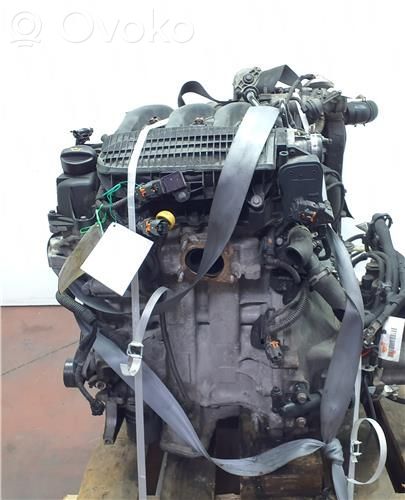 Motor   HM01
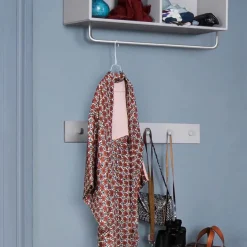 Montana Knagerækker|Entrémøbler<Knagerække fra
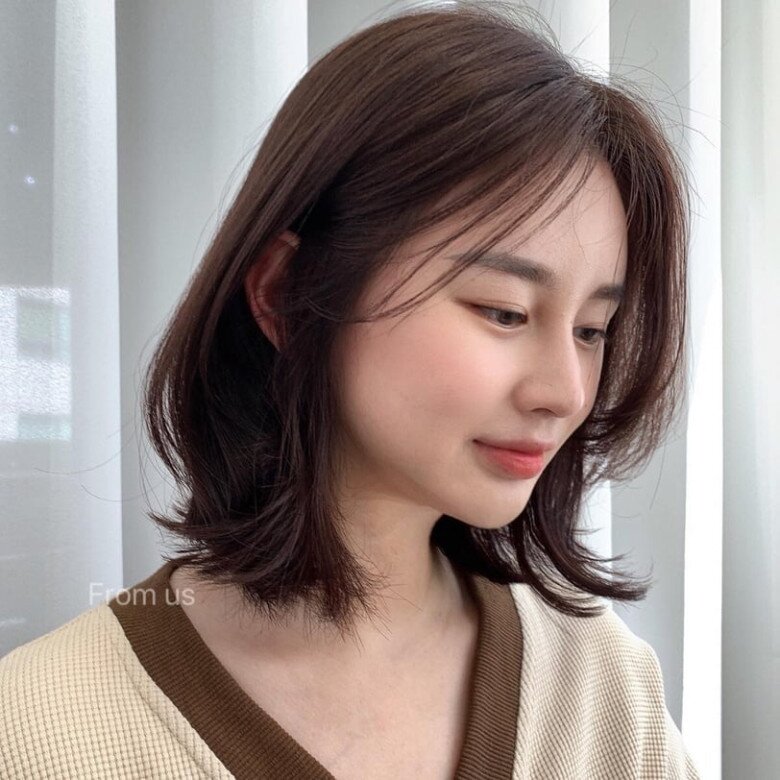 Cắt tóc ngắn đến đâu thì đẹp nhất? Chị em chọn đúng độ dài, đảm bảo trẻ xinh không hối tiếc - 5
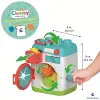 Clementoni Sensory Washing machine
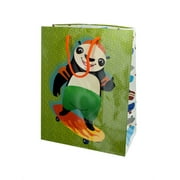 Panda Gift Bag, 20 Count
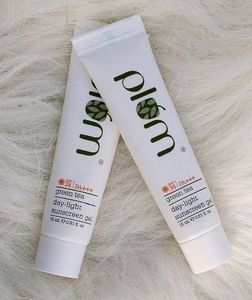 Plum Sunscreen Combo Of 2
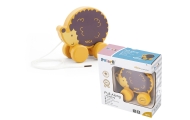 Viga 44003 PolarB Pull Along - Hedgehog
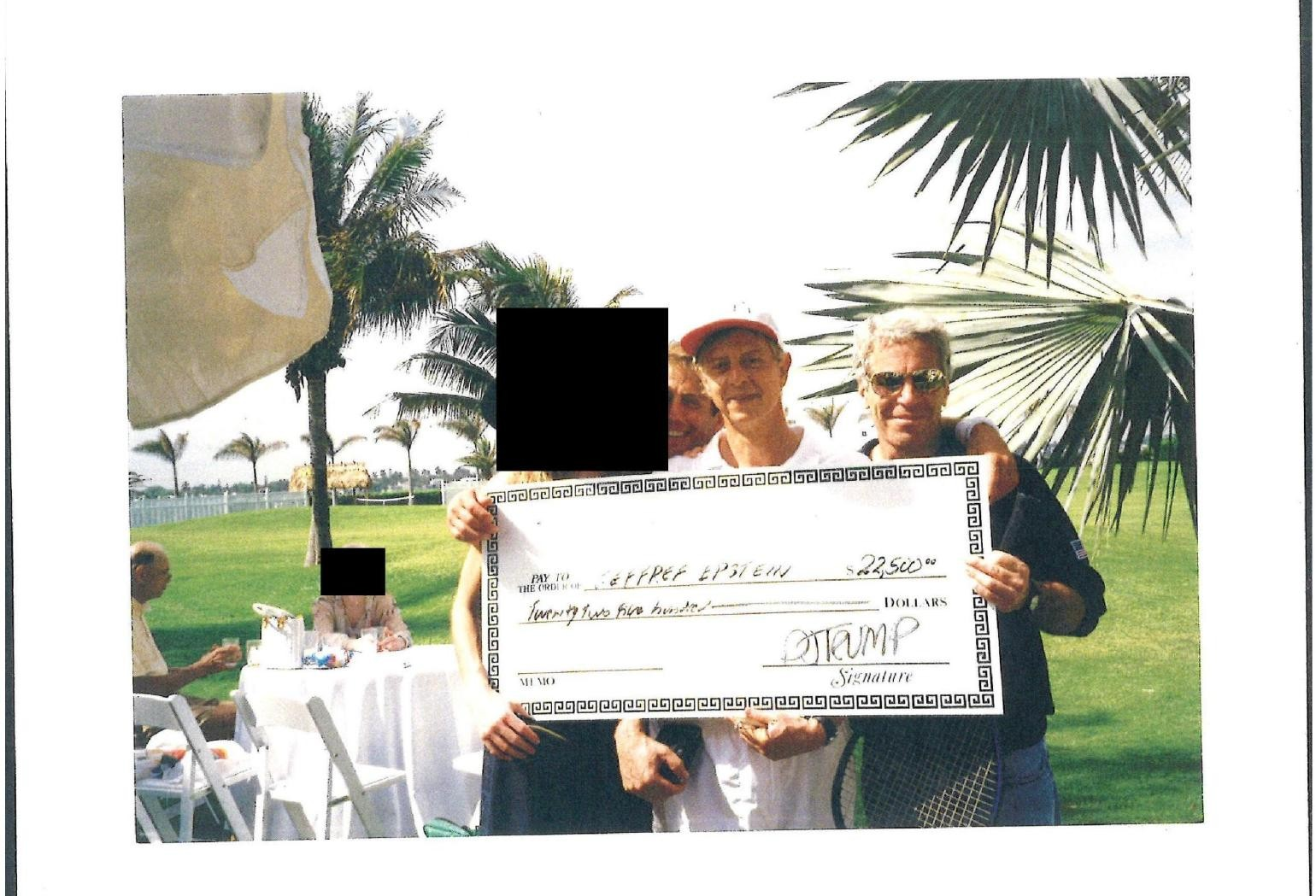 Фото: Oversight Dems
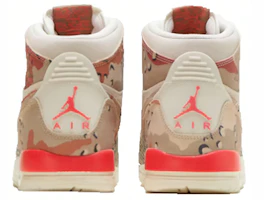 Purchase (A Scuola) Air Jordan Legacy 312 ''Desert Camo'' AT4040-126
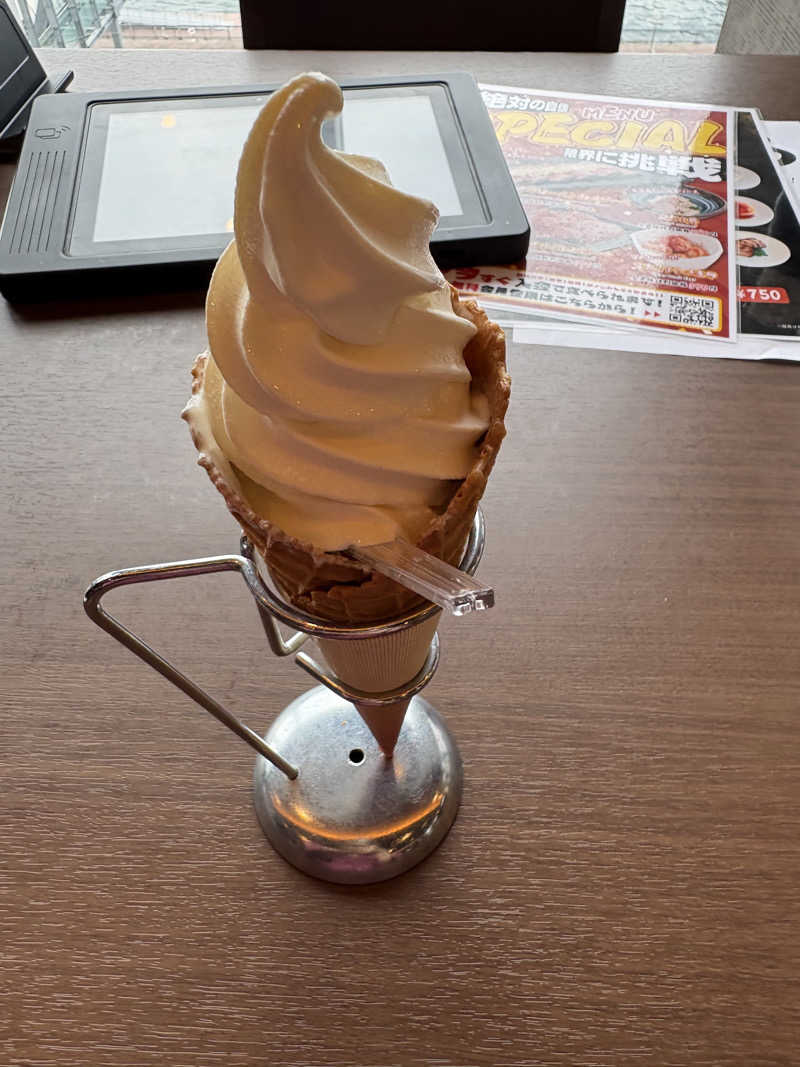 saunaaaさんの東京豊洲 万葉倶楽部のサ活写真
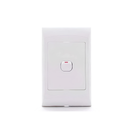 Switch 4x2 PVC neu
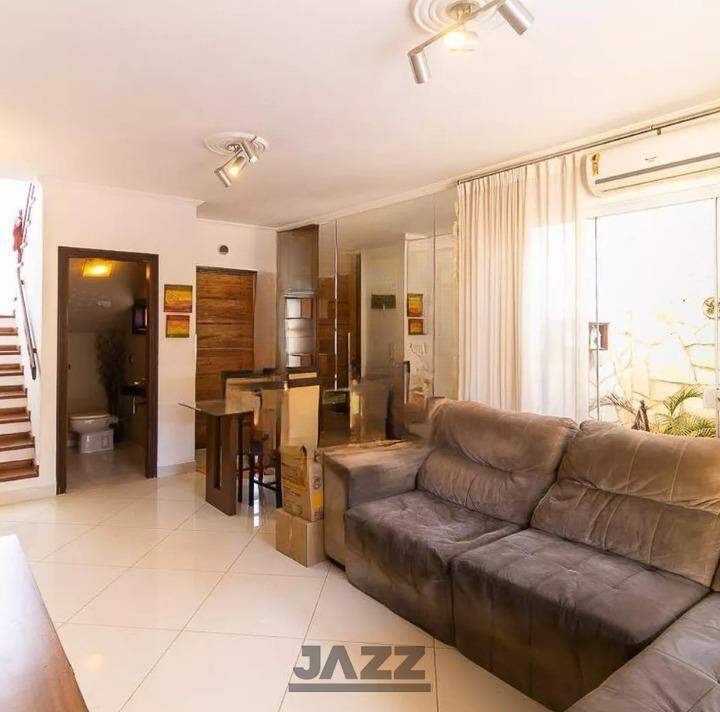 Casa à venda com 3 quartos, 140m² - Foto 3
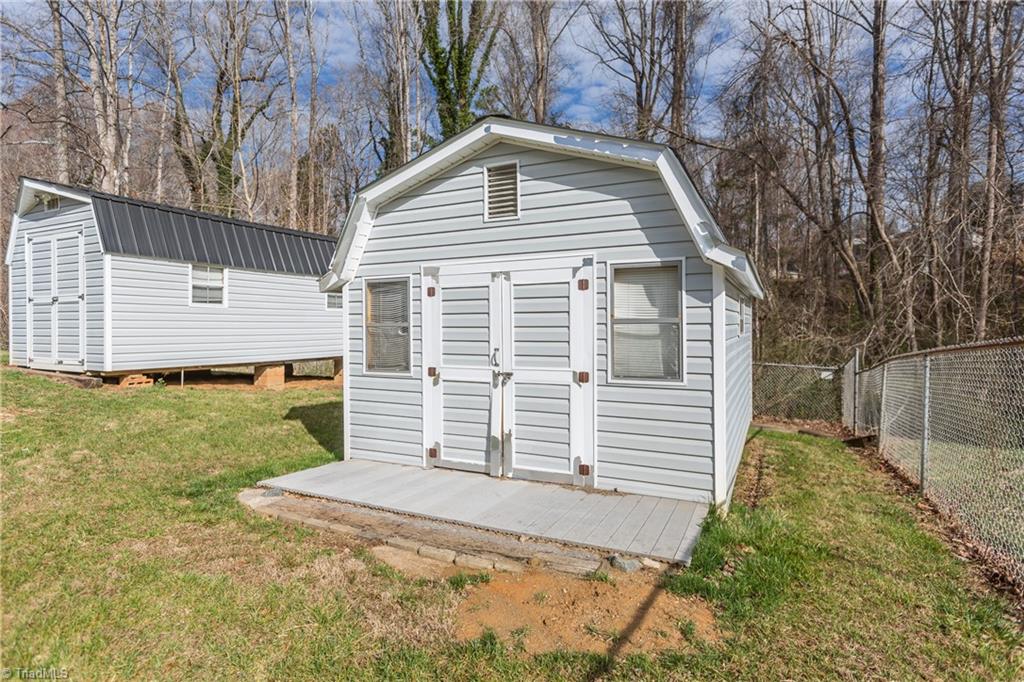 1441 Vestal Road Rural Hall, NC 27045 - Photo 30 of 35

┄┄┄┄┄┄

The answer must be the lines above, word for word, from the first one through the line with "Casa à venda com 3 quartos, 140m² - Foto 3", pictures excluded.

 Motor   HM01
 Montana Knagerækker|Entrémøbler<Knagerække fra
 Cắt tóc ngắn đến đâu thì đẹp nhất? Chị em chọn đúng độ dài, đảm bảo trẻ xinh không hối tiếc - 5
 Clementoni Sensory Washing machine
 Panda Gift Bag, 20 Count
 Plum Sunscreen Combo Of 2
 Viga 44003 PolarB Pull Along - Hedgehog
 Фото: Oversight Dems
 Purchase (A Scuola) Air Jordan Legacy 312 ''Desert Camo'' AT4040-126
 saunaaaさんの東京豊洲 万葉倶楽部のサ活写真
 Switch 4x2 PVC neu
 Casa à venda com 3 quartos, 140m² - Foto 3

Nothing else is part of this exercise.